FTSE Russell has placed India on the watchlist for a potential future inclusion in its government bond index. This is a crucial step towards India joining global debt index after missing the bus several times.
FTSE Russell, a leading global multi-asset index, analytics and data provider, announced in its semi-annual country classification review for fixed income and equities that Indian and Saudi Arabian government bond markets have been placed on the watchlist for potential future inclusion in the FTSE Emerging Government Bond Index (EMGBI).
After India's inclusion in the EMGBI, foreign portfolio investors (FPIs) could step up investments in the Government Securities (G-Sec) market. This would help take the pressure off banks in terms of investing in G-Secs and allow them to focus on lending. The latest monthly bulletin by the Reserve Bank of India (RBI) shows that FPIs hold only 2.1 per cent of dated government securities as of December 2020.
Increased participation from FPIs would also the help central government's plan to borrow Rs 12.05 lakh crore in the next financial year.

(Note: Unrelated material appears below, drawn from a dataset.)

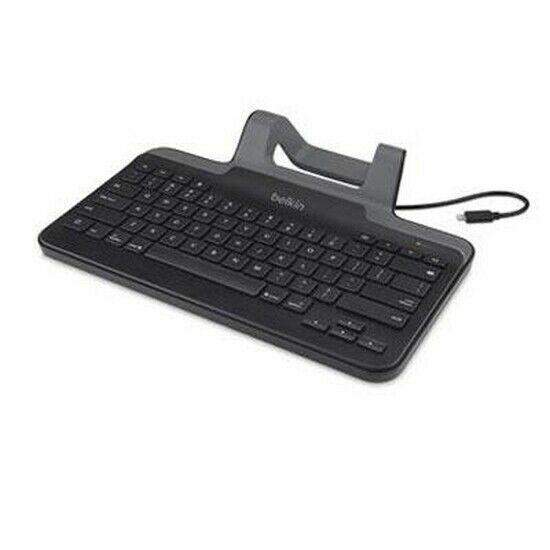 Belkin MFi Certified Wired Tablet Keyboard for sale online eBay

FTSE Emerging Government Bond Index measures local currency government bonds from 16 countries, "providing abroad benchmark for portfolio managers looking for a measure of sovereign emerging markets," as per FTSE Russell. These countries include Brazil, Chile, China, Colombia, Hungary, Indonesia, Mexico, Malaysia, Peru, Philippines, Poland, Romania, Russia, Thailand, Turkey and South Africa.
To join FTSE EMGBI, a market has to satisfy size and credit criteria. Accessibility of bonds and markets and replicability of returns are additional requirements for this. After a market meets these criteria, it is announced that the said market has been included in the EMGBI. If it continues to meet three criteria for three months in a row then the market would join EMGBI at the end of the three months that follow.
The outstanding amount of a market's eligible issues must total at least $10 billion for it to be considered eligible for inclusion in EMGBI. To continue being eligible for the index, a market must maintain at least half the entry-level market size criteria.